無自覚
西の森ーーベッドに横たわるアゼルは、魔力切れで意識が朦朧としていた。
もとは客室だった小部屋にはベッドが二つ。今はマーサの部屋として使われている。帰ってきた途端にフラフラと倒れこんだアゼルを、アルスが空いているベッドへ運んだのだ。あれからどれほど時間が経っただろう。
隣の居間からは、冒険談を熱く語るパミルの声と、興味津々に質問を重ねるイリウスの声が洩れ聞こえてくる。
帰ってきてからずっと傍にいたミレイアが、優しくアゼルの肩に触れた。そして意を決して顔を近づけていく。

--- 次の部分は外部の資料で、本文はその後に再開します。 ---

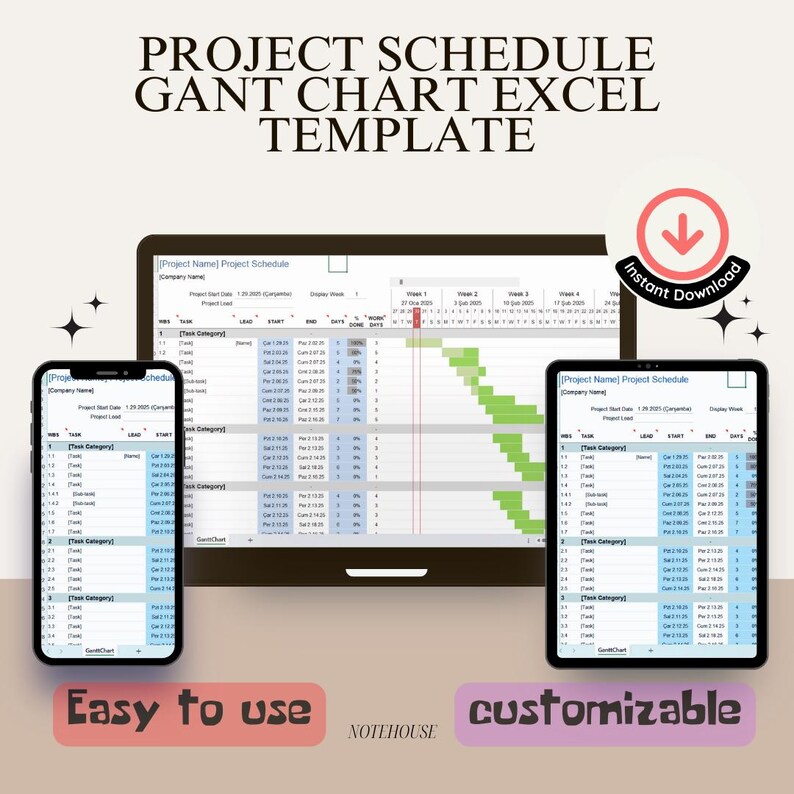 Project Schedule With Gantt Chart – Excel Template - Etsy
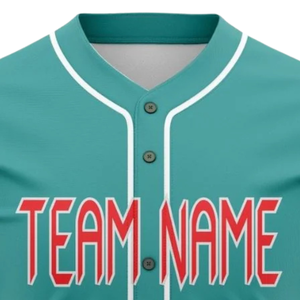 Camiseta de Béisbol Personalizada para Hombre, Color Verde Azulado y Rojo, con Botones, Transpirable, Uniforme de Equipo de Softbol, Camiseta Deportiva para Entrenamiento y Juegos - Product Image 5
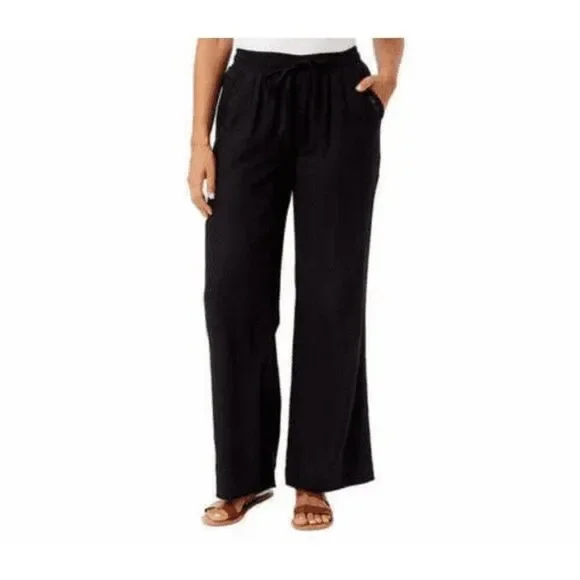 Briggs Linen Blend Pull-on Wide Leg Black Pant XL with Pocket Detail Black NWT - Picture 2 of 4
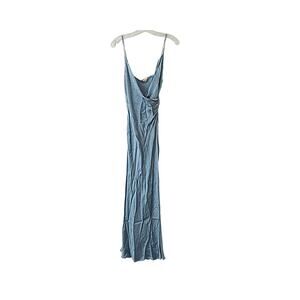 Love Letter Satin Maxi Dress - Blue - M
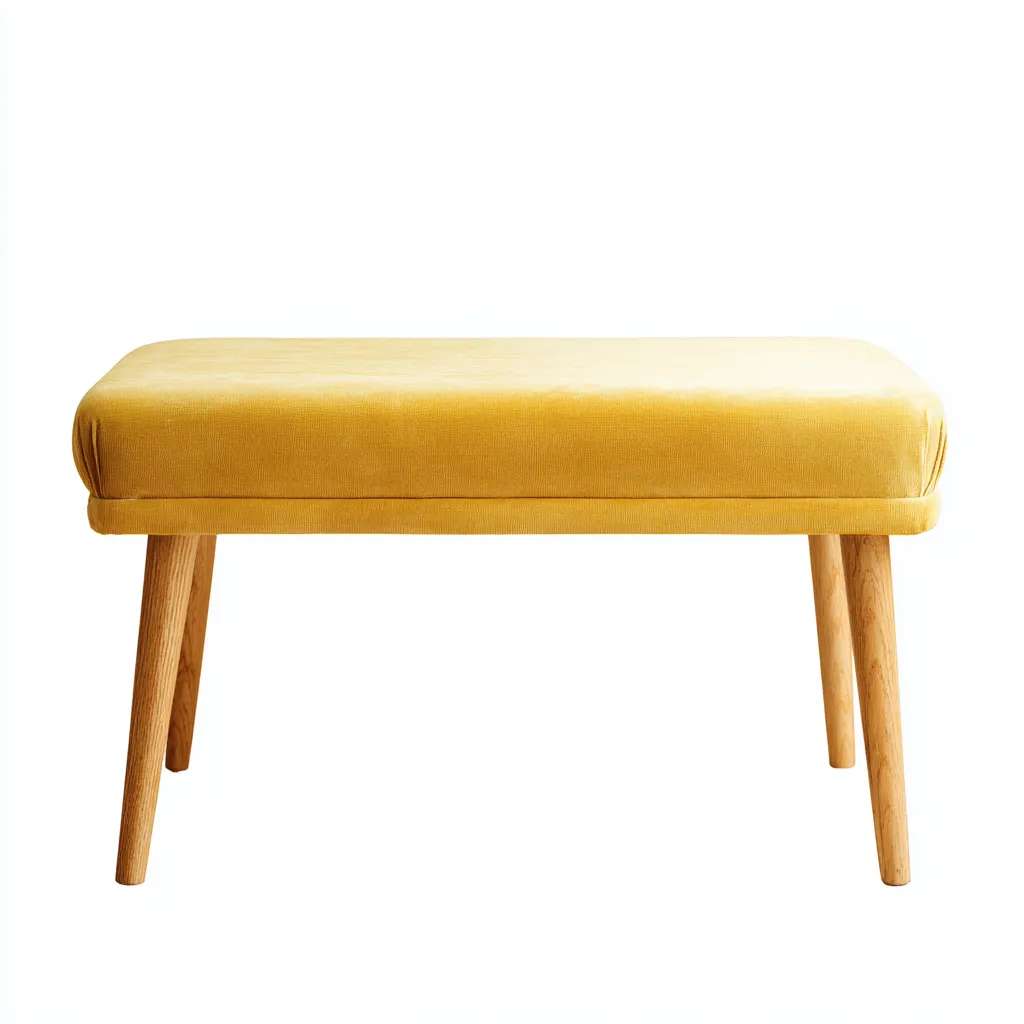 Slaapkamerbankje - Stoffen bekleding en houten poten - 100x40x48 cm - Geel - Modern ontwerp-Havenaro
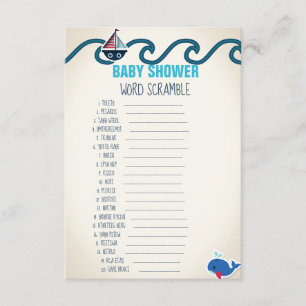Nautisch Baby shower Word Scramble spel Kaart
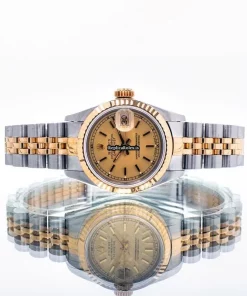 Superior Fake Rolex Lady-datejust 69173 Automatic Movement 26mm Gold/steel Case Womens Watch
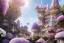 Placeholder: a magical crystal flower lys bougainvillier,pink hydrangeas, pink wisteria, blue gold house crystal castle, magnolias pink,blue lake,sun,white swanns,pink vertical, blue lake,sharp, vines, candlelit, endor, ornate, elegant, highly detailed, artstation, concept art, smooth, sharp focus, illustration, 8k, splash art, wallpaper, key visual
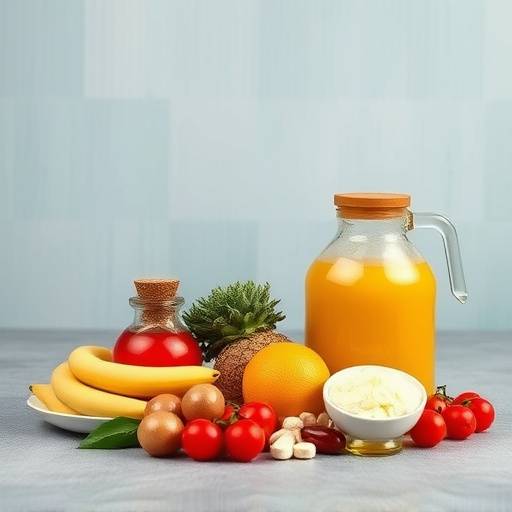 A visual representation of various essential nutrients like vitamins, minerals, and antioxidants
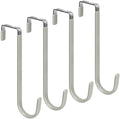 FYY Over the Door Hooks, Single-Hanger 4 Pack, Fits Doors 1.6" Grey by FYY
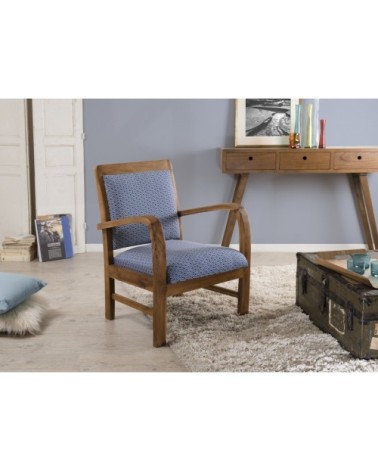 Fauteuil en teck tissu bleu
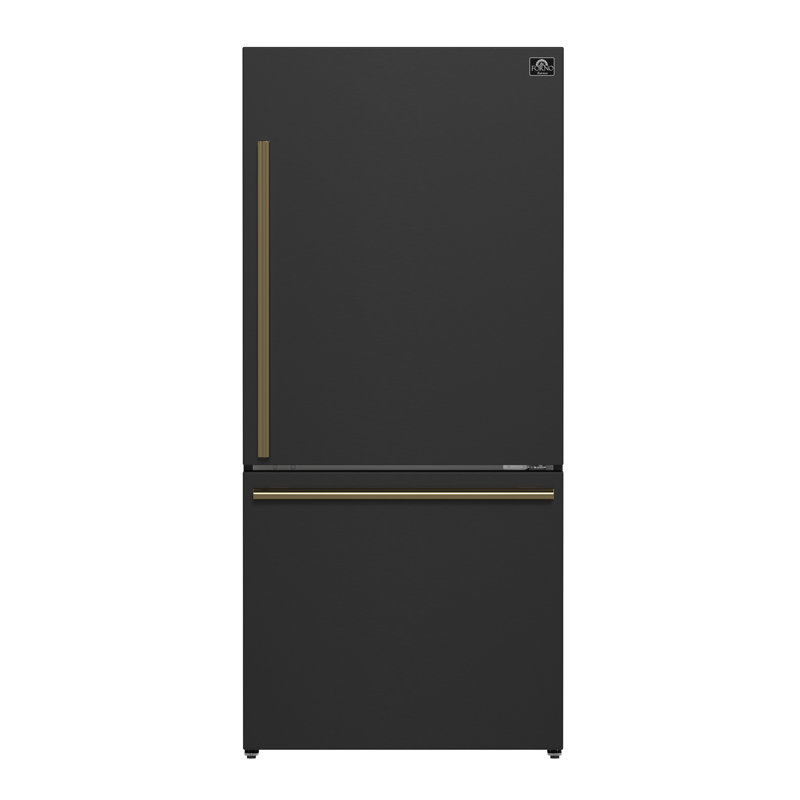 31" Milano Espresso Bottom Freezer Right Swing Door Refrigerator, 17.2 cu. ft., Black
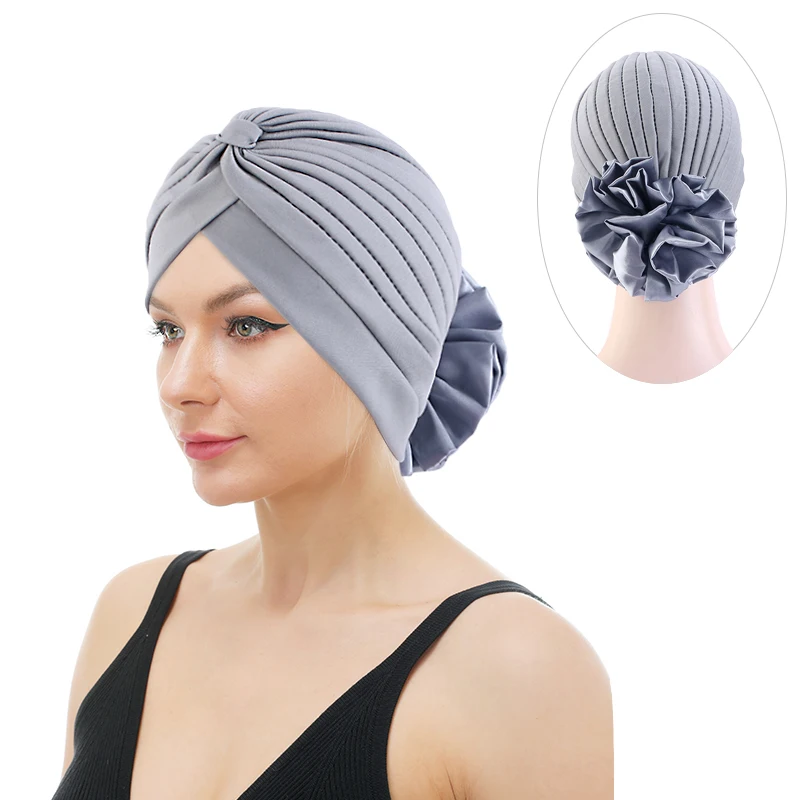 New Big Flower Hijab Cap for Women Muslim Inner Hijab Turban  Islamic Headwear Bonnet Beanie Cap Hair Loss Cover Accessories jacquard silver floral chain modal jersey hijab shawls women wrap elastic thick muslim full cover islam foulards bonnet headband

ーー唇がかすかに触れ合った瞬間、アゼルの意識がはっきりと戻った。
「……ミレイア!? 君は何をしている……」
「アゼル! 目が覚めたのね。わたし……アゼルが魔力切れで倒れたから、魔力を分けてあげたくて。手を繋いだり抱きしめたり、魔力の粒を作って口に入れてみたりもしたんだけど……全部駄目で。口付けなら効率的に魔力を注げるってアレクが言ってたから、試してみようと……」
「ミレイア……まいったな。凄く嬉しいんだけど、今はやめてくれ……理性がもたなくなりそうだ」
顔を赤らめて逸らすアゼルを、ミレイアが心配そうに覗きこむ。
「本当に大丈夫?」
「……大丈夫。そもそも魔力の譲渡ができるのは、一部の魔術師だけなんだ。僕はしばらく休めば回復するから、心配いらないよ」
「わかった……。またすぐに会いにくるわ」
「ああ。王宮の精神魔法に侵された人たちを救いに行くんだよな」
「うん。それもあるけど……やっぱりアゼルが心配だし、会えないのは寂しいもの」
そう言うとミレイアはベッドの上に膝を乗せ、アゼルをぎゅっと抱きしめた。
「アゼルが早く元気になりますように!」
柔らかい感触に、アゼルの心臓が大きく跳ねる。そのまま押し倒してしまいたい衝動を、必死に抑えていることなどつゆ知らず、ミレイアは手を振って部屋を出て行った。
「ミレイアは……僕をどうする気なんだ……」
アゼルは身悶えしながら、ため息をついた。